Monetario, moderata tensione su overnight per fine mese, attesa Bce

venerdì 27 febbraio 2015 12:19
 

MILANO, 28 febbraio (Reuters) - Torna a spingersi in territorio positivo il tasso giorno a giorno all'interbancario in vista dello 'scavalco' del mese, mentre i valori si appiattiscono intorno a zero già con le scadenze tom e spot/next.

Conclusa la seconda operazione Bce a tre anni, l'eccesso dei fondi a disposizione del sistema è calcolato dai tesorieri italiani poco oltre i 150 miliardi di euro e consente alla parte breve della curva di rimanere agevolmente a cavallo della linea di galleggiamento.

"Sul mercato non si è visto nessuno scossone... tenendo conto delle ultime due operazioni a sette giorni e a tre mesi i fondi sono stati quasi interamente rinnovati" spiega l'operatore di una delle principali tesorerie italiane.

Il riferimento è al secondo finanziamento Ltro, venuto a scadenza ieri, di restava un importo residuo di poco superiore a 83 miliardi.

Con il pronti contro termine a una settimana di martedì scorso Francoforte ha infatti operato un'iniezione netta di 43,2 miliardi, mentre poco meno di 36 miliardi sono stati assegnati con quella a 91 giorni dell'altroieri. Un totale quindi intorno a 78 miliardi, di poco inferiore agli 83 miliardi residui a tre anni.

L'attenzione degli operatori si concentra intanto già sul consiglio Bce di giovedì prossimo, da cui dovrebbero o potrebbero emergere ulteriori dettagli sull'incombente programma di 'quantitative easing'.

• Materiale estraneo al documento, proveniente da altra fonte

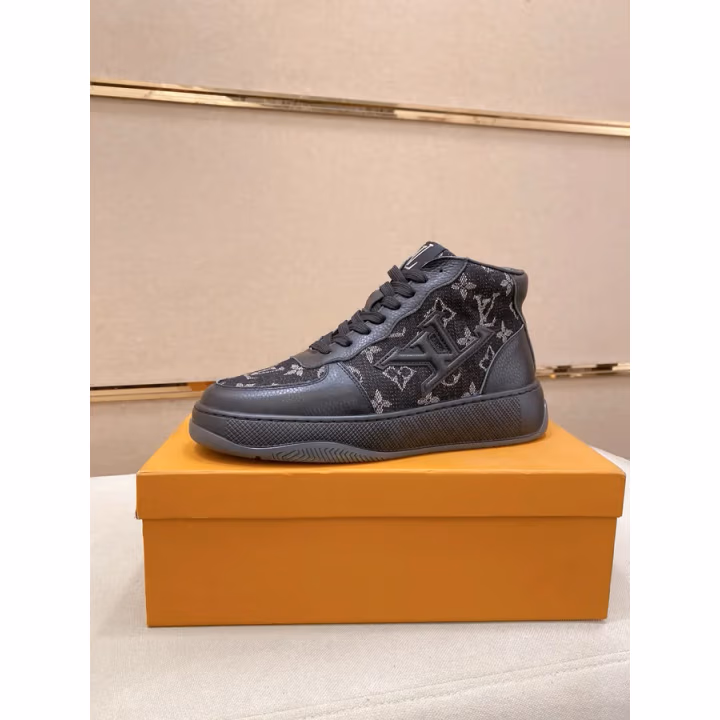 Louis Vuitton black sneaker — ref 756507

"Manca ancora qualche dettaglio tecnico, ma soprattutto ancora non sappiamo - né al momento sappiamo se giovedì lo sapremo - in che data inizieranno gli acquisti" commenta il tesoriere.

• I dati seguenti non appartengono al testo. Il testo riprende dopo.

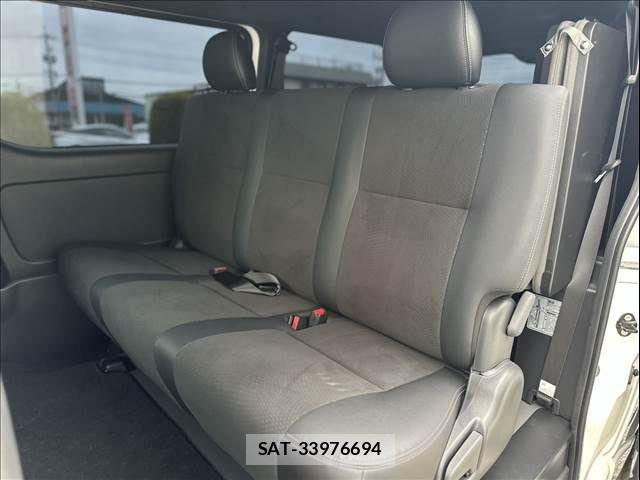 Toyota HIACE VAN 2024-03 8132712-12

Sempre la prossima settimana dovrebbe essere intanto nuovamente rinnovata la linea di credito d'emergenza 'Ela' a favore delle banche greche, che non possono portare in Bce titoli del Tesoro come collaterale in cambio di fondi.

Al di là della parte brevissima della curva, che guarda esclusivamente ai flussi di cassa giornalieri, il mercato comunque festeggia l'avvicinarsi del programma 'qe' schiacciando lo spread Btp/Bund sotto il punto percentuale.   Continua...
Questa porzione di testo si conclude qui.